In conclusion, we are satisfied that there is no genuine issue as to any material fact and that a decision may be rendered as a matter of law.

To reflect the foregoing,

An appropriate order and decision will be entered.

1 All Rule references are to the Tax Court Rules of Practice and Procedure, and all section references are to the Internal Revenue Code.

2 Petitioners have not disputed this determination of their gross monthly income in this proceeding or, insofar as the record reveals, in the sec. 6330 hearing.

3 Although the settlement officer also used the standard allowance guidelines for food, clothing, and miscellaneous expenses, the result in this instance was a higher allowance ($1,306) than petitioners had claimed ($1,041).

4 The record does not reveal the starting amount or phase-in schedule for the proposed monthly payment.

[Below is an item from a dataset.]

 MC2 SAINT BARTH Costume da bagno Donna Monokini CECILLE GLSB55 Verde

5 The amended petition also assigns as error: (1) That respondent had misapplied certain payments relating to an earlier installment agreement; and (2) that assessments for tax years 1994, 1995, and 1996 are barred by the statute of limitations. The parties agree that these issues have been resolved.

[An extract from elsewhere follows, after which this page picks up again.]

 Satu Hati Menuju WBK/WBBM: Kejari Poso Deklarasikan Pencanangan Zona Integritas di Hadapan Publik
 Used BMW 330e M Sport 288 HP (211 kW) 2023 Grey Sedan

6 Pursuant to an exception not relevant here, the Commissioner is required to enter into an installment agreement in certain circumstances, generally involving tax liabilities of less than $10,000. Sec. 6159(c).

7 Petitioners contend that they should be permitted to conduct discovery with respect to respondent's derivation of the standard allowance guidelines. They contend further that they should be permitted to supplement their response to respondent's motion for summary judgment to take into account the fruits of this discovery. Discovery must generally be completed and any motion to compel discovery must be filed no later than 45 days before the date set for call of a case from the trial calendar (in this case, the discovery deadline would be Sept. 19, 2008). Rule 70(a)(2). Petitioners have filed no motion to compel discovery. In any event, we are unpersuaded of the relevancy of the derivation of respondent's county-wide standard housing and utilities allowance in the absence of any proof or assertion of specific facts showing that application of the standard allowance would leave petitioners without the resources to meet basic living expenses --a matter which is within petitioners' own knowledge and as to which no discovery from respondent is needed.